Nel periodo peggiore per la credibilità della politica, alla vigilia di una campagna elettorale da coltello tra i denti, a Roma i vertici nazionali (di tutti i partiti sia ben chiaro!) hanno già definito i candidati e, con un po’ di approssimazione, anche chi verrà eletto. La possibilità per chi sta sul territorio di incidere su questo processo è a dir poco labile a questo punto.
 
Questo (e altre cose) per me sono la dimostrazione che la “cura Renzi” di questi 4 anni non ha particolarmente giovato alla nostra comunità politica: siamo arrivati ad utilizzare metodi più “vecchi”, persino di quelli che speravamo di “rottamare”.
Pazienza, ma che nessuno veda un pericolo in questo, mi preoccupa moltissimo, al pari del rischio di una possibile vittoria delle forze populiste.

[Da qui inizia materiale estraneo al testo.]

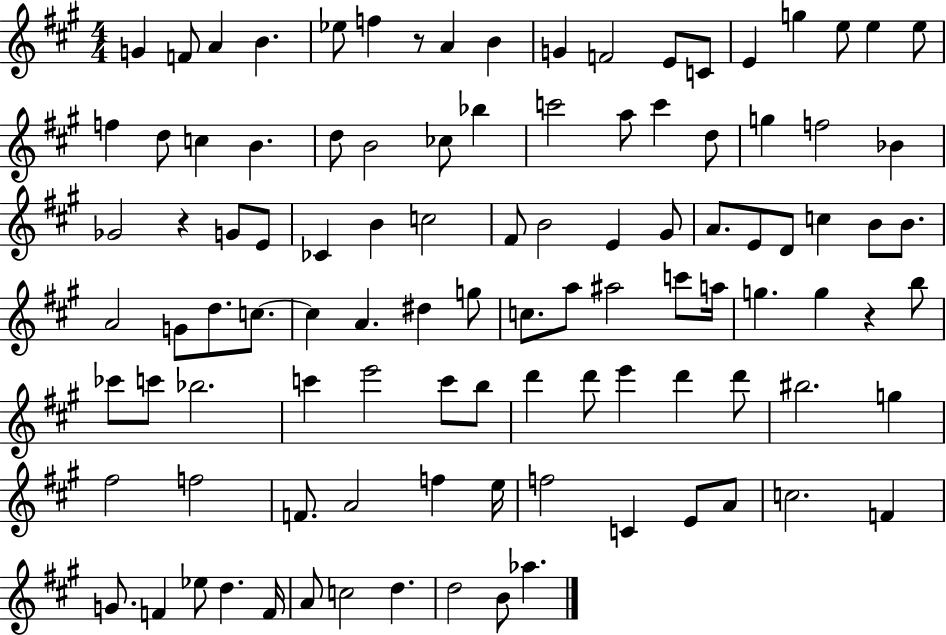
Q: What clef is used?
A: treble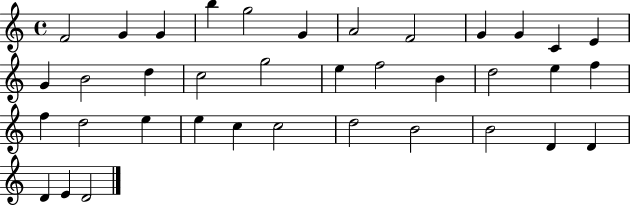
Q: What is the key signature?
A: C major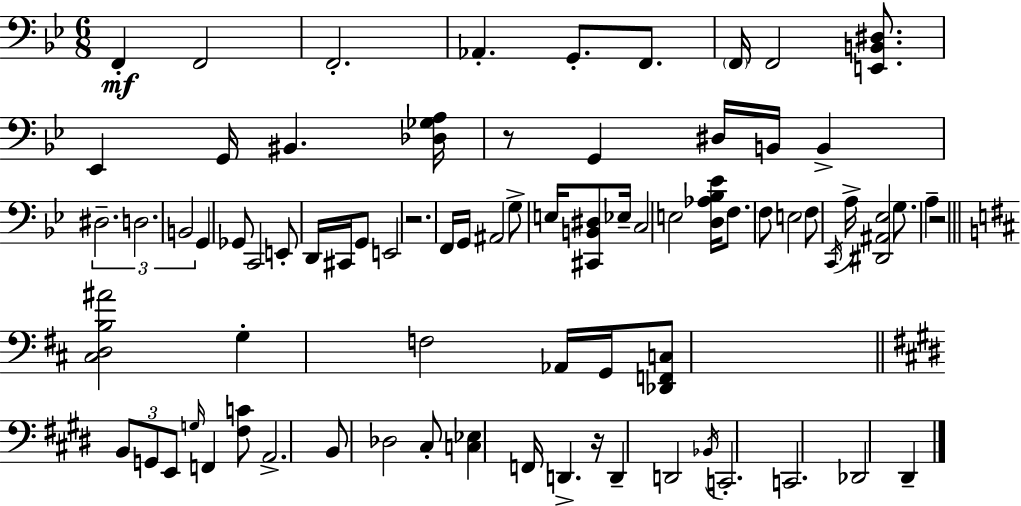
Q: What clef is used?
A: bass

Non c’era tempo di pensare alle parlamentarie? Sarà, ma la scadenza di questa legislatura era nota e “programmata”, mentre 5 anni fa dovemmo persino fare i conti con uno scioglimento anticipato delle Camere … E allora?
 
Come al solito, è un problema di volontà. In questa situazione c’è chi soffre in silenzio da dentro, chi si defila, poi c’è chi ha fatto la scelta di andarsene per aprire l’ennesimo cartello della sinistra italiana. Non vedo molta angoscia per questo, anzi … Forse qualcuno sente di poter scalare più agevolmente un partito “for the few, not the many” (mi si consenta). Ma a me risulta che in una pozza con un filo d’acqua anche pochi pesci facciano fatica a sopravvivere.